Avec pudeur mais néanmoins rage, elle dit la souffrance du racisme ordinaire. De ces phrases anodines « dites sans méchanceté », des observations, questions maladroites qui blessent peut-être encore plus que l’insulte frontale. « Leurs yeux qui cherchent sur mon corps une trace de ma mère, un signe de mon père. » Puis « J’aurai toujours à expliquer. A me justifier. » Du tabou « arabe » qui règne en France à tel point que l’on a inventé le terme de « beur »… La réconciliation et un début d’apaisement n’interviendra que sur un terre intermédiaire, celle de l’Italie…
Avec son écriture à la fois sèche et d’une grande puissance émotionnelle, elle parvient en quelques lignes brèves, quelques mots à atteindre le cœur des choses, des non-dits. C’est un roman hérissé d’une colère rentrée contre elle-même et contre son entourage qu’elle livre ici. Sa forme fait de séquences saccadées, de répétitions, d’allers-retours peut parfois être oppressante, étourdissante ou hypnotique comme les vagues qui fluent et refluent et apportent chaque fois une nouvelle vérité sur cette enfant métissée. Une écriture lancinante comme le désert qui avance, qui se resserre, se densifie et se fortifie à chaque nouvelle phrase. En tournant la dernière page de ce roman intense, on se dit que finalement c’est davantage un livre sur une cicatrice qui ne se referme pas : celle de l’Algérie, de son départ brusque et « en désordre » et de ses parents, que sur sa féminité qu’a écrit Nina Bouraoui. Un roman qui aurait tout aussi bien s’appeler « Quitter Alger »…

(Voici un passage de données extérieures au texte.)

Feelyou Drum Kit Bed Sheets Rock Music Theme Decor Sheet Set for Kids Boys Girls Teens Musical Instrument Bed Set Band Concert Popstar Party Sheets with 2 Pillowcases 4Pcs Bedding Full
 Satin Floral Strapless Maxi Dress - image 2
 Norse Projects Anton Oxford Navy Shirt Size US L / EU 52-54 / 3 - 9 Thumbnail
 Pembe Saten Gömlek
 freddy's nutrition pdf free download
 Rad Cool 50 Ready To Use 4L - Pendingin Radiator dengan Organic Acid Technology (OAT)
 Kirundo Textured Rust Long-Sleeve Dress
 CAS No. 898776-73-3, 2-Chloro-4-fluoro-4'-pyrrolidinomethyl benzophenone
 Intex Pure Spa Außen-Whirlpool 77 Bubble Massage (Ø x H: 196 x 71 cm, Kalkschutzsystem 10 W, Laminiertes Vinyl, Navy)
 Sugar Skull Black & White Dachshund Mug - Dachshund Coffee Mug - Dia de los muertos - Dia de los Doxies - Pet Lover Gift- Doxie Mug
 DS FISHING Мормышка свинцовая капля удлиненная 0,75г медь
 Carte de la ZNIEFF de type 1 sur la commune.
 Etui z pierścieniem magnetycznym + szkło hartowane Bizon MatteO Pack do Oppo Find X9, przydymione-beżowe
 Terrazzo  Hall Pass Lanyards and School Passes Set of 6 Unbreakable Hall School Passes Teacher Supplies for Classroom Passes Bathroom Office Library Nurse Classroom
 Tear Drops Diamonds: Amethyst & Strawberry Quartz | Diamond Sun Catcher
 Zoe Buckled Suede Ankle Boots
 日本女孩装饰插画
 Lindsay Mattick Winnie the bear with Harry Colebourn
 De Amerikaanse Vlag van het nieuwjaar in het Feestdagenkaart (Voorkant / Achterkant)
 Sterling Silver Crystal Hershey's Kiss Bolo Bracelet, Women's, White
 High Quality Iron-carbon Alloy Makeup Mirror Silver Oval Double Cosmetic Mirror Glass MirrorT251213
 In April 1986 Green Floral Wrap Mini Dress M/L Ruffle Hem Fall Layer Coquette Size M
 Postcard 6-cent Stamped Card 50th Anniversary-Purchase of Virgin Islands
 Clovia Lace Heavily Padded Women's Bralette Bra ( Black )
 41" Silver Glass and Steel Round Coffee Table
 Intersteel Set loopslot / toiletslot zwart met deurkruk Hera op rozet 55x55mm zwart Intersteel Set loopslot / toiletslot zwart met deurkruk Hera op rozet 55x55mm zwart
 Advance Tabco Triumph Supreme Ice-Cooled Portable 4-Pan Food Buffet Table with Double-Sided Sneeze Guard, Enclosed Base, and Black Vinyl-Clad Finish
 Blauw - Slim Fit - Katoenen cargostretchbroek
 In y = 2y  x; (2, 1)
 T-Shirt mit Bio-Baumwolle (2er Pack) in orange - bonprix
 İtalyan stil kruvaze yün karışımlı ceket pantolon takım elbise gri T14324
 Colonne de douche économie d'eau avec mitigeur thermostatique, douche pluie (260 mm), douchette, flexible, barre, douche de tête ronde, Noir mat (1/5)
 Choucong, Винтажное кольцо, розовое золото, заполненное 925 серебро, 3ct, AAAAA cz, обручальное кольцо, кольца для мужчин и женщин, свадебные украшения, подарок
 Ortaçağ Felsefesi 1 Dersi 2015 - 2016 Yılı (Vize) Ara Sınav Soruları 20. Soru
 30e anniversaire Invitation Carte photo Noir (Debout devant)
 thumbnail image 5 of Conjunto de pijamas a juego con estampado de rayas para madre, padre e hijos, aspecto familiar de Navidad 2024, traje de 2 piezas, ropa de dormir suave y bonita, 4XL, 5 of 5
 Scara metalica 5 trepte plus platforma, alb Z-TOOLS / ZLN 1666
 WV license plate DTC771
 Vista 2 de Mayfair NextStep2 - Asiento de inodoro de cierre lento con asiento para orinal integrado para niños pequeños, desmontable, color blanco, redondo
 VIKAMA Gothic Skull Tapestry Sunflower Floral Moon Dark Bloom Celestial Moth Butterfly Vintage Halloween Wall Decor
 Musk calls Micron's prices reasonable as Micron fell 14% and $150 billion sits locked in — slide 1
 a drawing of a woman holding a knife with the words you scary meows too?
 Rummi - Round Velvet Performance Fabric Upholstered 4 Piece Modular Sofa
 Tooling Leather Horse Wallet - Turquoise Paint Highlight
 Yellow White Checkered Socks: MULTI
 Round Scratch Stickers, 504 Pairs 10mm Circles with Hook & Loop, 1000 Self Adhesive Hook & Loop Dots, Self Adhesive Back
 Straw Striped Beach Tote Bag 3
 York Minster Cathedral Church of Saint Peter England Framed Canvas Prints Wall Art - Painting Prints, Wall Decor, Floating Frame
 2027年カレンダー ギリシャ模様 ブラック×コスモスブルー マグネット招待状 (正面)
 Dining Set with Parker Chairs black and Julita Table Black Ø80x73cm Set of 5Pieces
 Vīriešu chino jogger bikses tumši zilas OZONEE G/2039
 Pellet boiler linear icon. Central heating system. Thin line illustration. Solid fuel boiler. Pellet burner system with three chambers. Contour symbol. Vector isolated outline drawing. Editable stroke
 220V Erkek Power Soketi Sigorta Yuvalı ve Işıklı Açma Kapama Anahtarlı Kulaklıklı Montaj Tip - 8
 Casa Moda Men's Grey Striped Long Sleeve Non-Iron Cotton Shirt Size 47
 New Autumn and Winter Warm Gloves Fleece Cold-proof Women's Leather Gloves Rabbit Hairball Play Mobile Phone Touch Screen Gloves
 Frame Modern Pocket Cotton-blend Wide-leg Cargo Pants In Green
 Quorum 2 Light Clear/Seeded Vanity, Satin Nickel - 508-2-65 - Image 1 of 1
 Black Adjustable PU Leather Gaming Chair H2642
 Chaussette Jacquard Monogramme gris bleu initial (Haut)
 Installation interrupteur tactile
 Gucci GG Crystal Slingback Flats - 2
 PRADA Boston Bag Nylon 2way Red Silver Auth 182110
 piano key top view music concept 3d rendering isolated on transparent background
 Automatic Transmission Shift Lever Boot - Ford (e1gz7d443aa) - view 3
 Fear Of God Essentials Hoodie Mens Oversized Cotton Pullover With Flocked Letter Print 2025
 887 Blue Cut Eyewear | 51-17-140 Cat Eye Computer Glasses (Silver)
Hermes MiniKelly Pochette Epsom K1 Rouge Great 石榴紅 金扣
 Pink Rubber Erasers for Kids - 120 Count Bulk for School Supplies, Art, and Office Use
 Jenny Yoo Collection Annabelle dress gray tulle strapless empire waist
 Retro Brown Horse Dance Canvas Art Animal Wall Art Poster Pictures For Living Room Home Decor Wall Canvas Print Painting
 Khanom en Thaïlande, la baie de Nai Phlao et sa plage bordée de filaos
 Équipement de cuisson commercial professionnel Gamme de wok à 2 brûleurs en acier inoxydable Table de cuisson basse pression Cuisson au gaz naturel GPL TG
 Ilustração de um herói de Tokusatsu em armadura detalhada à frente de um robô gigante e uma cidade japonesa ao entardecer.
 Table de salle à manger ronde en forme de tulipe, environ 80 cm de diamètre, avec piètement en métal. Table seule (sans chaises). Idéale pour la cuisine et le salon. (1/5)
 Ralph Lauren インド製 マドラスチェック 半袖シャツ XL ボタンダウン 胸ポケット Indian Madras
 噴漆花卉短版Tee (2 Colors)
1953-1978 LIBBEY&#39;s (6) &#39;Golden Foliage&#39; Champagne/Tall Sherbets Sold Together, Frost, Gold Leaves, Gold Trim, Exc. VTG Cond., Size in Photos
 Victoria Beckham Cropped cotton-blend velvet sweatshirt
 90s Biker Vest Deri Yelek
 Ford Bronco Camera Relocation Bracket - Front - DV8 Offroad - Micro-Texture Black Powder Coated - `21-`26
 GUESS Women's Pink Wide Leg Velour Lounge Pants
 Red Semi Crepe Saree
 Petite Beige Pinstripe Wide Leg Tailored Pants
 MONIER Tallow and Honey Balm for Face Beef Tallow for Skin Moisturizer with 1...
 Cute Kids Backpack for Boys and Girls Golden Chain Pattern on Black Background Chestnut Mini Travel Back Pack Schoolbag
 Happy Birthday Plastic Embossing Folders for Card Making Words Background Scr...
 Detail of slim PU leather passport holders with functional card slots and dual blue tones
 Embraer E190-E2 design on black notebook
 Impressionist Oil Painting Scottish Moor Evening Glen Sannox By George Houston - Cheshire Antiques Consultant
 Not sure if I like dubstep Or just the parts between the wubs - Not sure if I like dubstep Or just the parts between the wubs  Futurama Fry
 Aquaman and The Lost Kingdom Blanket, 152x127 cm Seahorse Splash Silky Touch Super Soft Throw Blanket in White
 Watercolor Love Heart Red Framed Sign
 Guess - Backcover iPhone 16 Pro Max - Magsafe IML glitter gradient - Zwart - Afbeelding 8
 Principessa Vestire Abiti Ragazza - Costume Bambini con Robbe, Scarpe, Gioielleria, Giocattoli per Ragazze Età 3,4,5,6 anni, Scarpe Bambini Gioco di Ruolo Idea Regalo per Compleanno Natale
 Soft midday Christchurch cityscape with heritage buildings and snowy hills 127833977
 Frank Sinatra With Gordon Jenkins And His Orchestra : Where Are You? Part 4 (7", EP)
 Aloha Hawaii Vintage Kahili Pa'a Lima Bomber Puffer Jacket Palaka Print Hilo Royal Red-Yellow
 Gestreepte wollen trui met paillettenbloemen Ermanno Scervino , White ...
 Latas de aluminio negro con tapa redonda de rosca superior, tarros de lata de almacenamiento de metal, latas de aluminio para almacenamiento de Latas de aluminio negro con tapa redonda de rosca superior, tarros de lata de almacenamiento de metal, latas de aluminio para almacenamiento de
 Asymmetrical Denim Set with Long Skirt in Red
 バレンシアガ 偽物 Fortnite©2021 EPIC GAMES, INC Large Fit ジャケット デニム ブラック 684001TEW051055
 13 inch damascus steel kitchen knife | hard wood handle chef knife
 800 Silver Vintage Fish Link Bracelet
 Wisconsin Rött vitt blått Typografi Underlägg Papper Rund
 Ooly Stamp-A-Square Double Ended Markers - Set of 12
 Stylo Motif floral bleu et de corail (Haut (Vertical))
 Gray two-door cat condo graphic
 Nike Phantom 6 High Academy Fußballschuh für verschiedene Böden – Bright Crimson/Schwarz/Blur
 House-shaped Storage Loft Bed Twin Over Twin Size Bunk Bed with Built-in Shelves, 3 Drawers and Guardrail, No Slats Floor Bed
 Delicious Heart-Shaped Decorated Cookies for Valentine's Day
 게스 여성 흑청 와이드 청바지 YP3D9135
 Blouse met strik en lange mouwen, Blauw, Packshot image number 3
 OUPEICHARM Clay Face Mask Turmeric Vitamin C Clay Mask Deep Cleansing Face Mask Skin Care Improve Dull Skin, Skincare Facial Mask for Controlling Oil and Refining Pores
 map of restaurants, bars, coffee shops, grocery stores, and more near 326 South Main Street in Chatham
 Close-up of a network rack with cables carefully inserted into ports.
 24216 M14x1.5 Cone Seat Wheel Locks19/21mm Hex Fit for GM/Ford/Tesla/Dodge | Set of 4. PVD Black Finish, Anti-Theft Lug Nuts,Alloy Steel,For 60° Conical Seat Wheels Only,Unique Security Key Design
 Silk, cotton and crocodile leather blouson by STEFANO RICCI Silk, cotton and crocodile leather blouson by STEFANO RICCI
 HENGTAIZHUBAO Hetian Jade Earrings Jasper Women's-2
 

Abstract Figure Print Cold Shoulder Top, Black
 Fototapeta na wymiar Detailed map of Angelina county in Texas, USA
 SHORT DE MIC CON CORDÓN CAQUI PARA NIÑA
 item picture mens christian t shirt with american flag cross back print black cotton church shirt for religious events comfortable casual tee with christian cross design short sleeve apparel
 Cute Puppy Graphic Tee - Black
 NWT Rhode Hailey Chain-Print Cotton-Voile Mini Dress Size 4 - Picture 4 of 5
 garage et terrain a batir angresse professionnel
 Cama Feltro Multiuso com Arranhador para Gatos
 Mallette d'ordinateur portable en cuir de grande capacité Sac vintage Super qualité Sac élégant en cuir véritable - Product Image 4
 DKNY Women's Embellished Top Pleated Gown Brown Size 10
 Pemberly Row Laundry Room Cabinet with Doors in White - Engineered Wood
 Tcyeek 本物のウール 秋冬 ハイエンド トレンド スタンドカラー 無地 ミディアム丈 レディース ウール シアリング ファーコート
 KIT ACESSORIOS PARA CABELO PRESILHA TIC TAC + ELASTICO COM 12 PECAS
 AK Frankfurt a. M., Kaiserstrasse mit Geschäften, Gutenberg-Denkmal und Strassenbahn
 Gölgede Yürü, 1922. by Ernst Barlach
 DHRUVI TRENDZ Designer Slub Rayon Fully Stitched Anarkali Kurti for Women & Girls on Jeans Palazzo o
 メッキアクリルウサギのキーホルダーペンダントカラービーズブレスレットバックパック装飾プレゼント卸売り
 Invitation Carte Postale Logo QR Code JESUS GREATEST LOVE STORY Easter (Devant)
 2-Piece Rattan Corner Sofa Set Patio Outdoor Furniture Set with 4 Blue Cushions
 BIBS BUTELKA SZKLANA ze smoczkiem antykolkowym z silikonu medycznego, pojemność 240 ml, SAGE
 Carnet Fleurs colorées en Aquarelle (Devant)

Paroles de Nina Bouraoui à propos de « Garçon manqué »:
Nina Bouraoui raconte qu’elle a voulu «tout oublier» pour survivre à la nostalgie. «Il fallait s’adapter, et pour cela effacer ma première vie.» Pas si simple: le pays de son père refuse de se taire et hante ses romans de sa chaleur et de sa sensualité. «J’adore écrire sur sa lumière, ses odeurs, ses couleurs, sa poésie et sa mélancolie», explique Nina Bouraoui. Pourtant, si elle ne cesse de revivre cette enfance algérienne par l’écriture, elle n’y est jamais retournée – «peur d’être déçue peut-être, par soi-même aussi». Elle qui pensait que quitter l’Algérie c’était «laisser une place vide», réalise peu à peu qu’écrire, «c’est donner de mes nouvelles à tous ceux que j’ai laissé», auxquels elle n’a jamais pu dire adieu et aux lettres desquels elle n’a jamais répondu.
1 Commentaire
Un article excellent. J’ai assigne la lecture de ce roman comme partie d’un cours de litterature francophone dans une universite aux Etats-Unis, comme exemple du probleme de l’identite, mais aussi comme un chant d’espoir contre une ambivalence angoissante. La technique du courant de conscience permet au lecteur penetrer la pensee de l’ecrivain et etre transporte a un universe lointain, inconnu, de la main de Nina/Ahmed. Un roman vraiment beau.